Test your pack with an LED before using it on the laser.
Key safety rules:
Never look directly into the beam — even low-power lasers can damage eyes.
Don’t point at mirrors or shiny surfaces (reflections can be just as dangerous).
Never aim at people, animals, or aircraft.
Try running your “trip wire” beam around a corner for extra fun.
Now we’ll combine coding with hardware using the Raspberry Pi Pico.
What you’ll do:
Insert the laser detection module into GP2.
Add a buzzer to GP19.
Explore the MicroPython code that turns the Pico into a trip-wire alarm.
See how the code “watches” the laser beam, ignores glitches, and sounds the buzzer if the beam is broken.
Key notes for Scouts:
Breadboards have rows (connected across) and rails (+ and –).
Match red rails to 3.3V and blue/black rails to GND.
Resistors can face either way, but LEDs must go the right way (long leg = +).
We are using 1s and 0s: HIGH/LOW signals.
The code uses if statements: if laser seen → LED ON, buzzer OFF.
Takeaway: You’ll see how hardware and software work together to build a real security system.

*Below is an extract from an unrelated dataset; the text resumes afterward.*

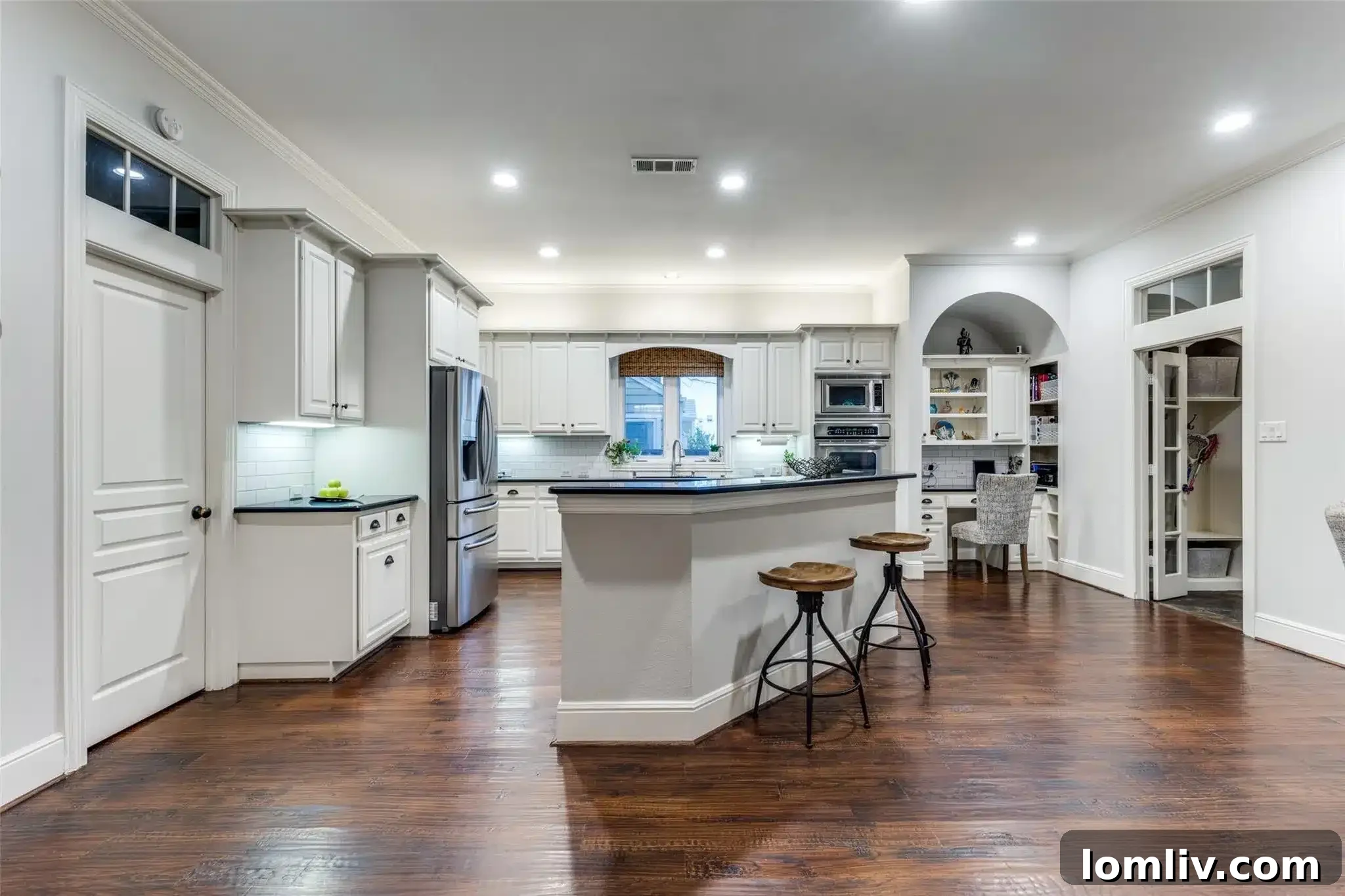 Snatch This Cape Cod-Style Home in The Peninsula Before I Do 5 Bright dining area with banquette seating.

Electronics isn’t just about lasers — everyday switches and sensors are just as powerful.
What you’ll do:
Use the Pico to experiment with digital inputs on GP2 and outputs on GP19.
Try different triggers:
Reed switch (magnet-controlled)
(Optional) PIR motion sensor
Use these to turn LEDs and buzzers on and off.
Key notes for Scouts:
Switches are just doors for electricity: closed = ON, open = OFF.
With a pull-up resistor, the Pico keeps an input HIGH until a switch pulls it LOW.
Tilt and reed switches make it playful — shake, tilt, or use a magnet to trigger your circuit.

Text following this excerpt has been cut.